Hic et nunc ? JDD est d’une cohérence absolue. Il a beaucoup voyagé, il parle diverses langues étrangères ? Qu’importe. Ses récits ne se dérouleront pas à Rome ou devant les Chutes du Niagara, au cœur de ruines mayas ou des neiges de l’Himalaya. Non, il choisira Liège dans son troisième roman, ses héros évoqueront Ostende dans le deuxième, le premier ose planter ses décors à Bruxelles.  À Bruxelles ? Comme le dit Jean Tordeur, « le meilleur moyen d’être de partout, c’est d’abord d’être solidement de quelque part ». Et JDD, dès 1985, le comprenait, anticipant, comme avec Le ventre, des réalités qui allaient renverser un paysage, des habitudes.

Parades amoureuses, Paris, Grasset, 1990, 192p.

Le deuxième roman de JDD tourne autour d’un personnage central, Gilbert. Il est professeur dans le secondaire et va franchir le cap des quarante-trois ans, il sent la bascule au fond de son être, d’autant qu’il avance libre (ou solitaire), célibataire et sans enfant.

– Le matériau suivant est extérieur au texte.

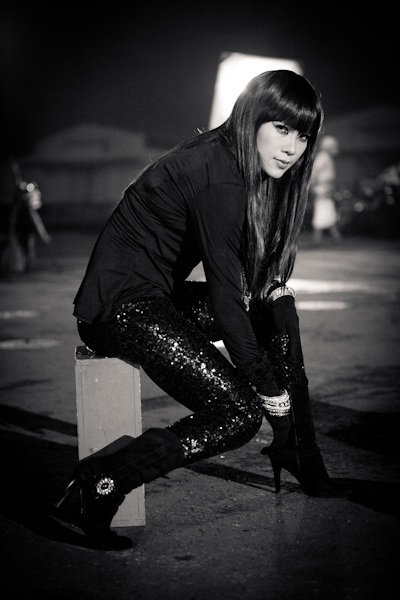 Những hình ảnh này đã gây sốt với fan của cô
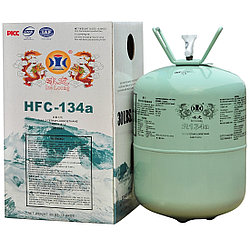 Фреон / Хладон / Хладагент R-134a в баллонах по 13.6кг.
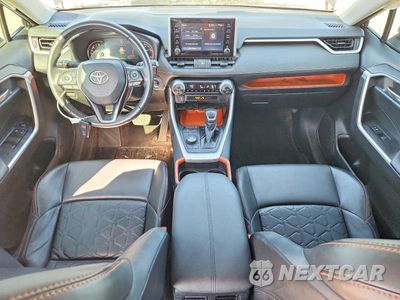 Zdjęcie 8 z 13 samochodu: 2021 TOYOTA RAV4 ADVENTURE VIN:2T3J1RFV0MW205828 - miniatura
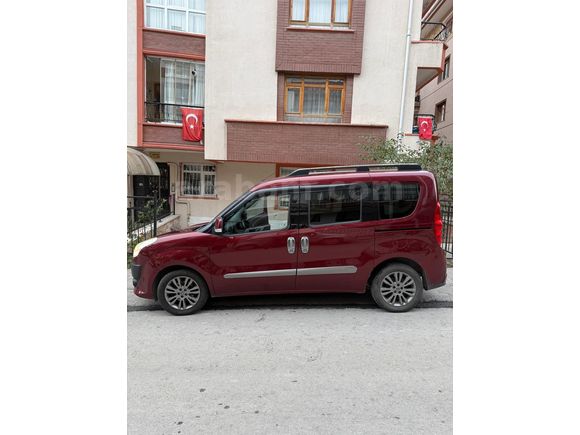 Sahibinden Fiat Doblo Combi 1.6 Multijet Premio 2012 Model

Si le début précipite dans la modernité et le quotidien (un cours de littérature française dispensé à une classe d’adolescents dans un collège technique), le roman s’en dégage rapidement ou, plutôt, il juxtapose à sa première atmosphère une seconde, qui renvoie aux grands romans du 19e siècle. Oui, ces romans sublimes, qui, dans la foulée du courant romantique, faisaient palpiter l’ego, créaient des figures inoubliables : Julien Sorel, Lucien de Rubempré ou Rastignac, Adolphe, etc.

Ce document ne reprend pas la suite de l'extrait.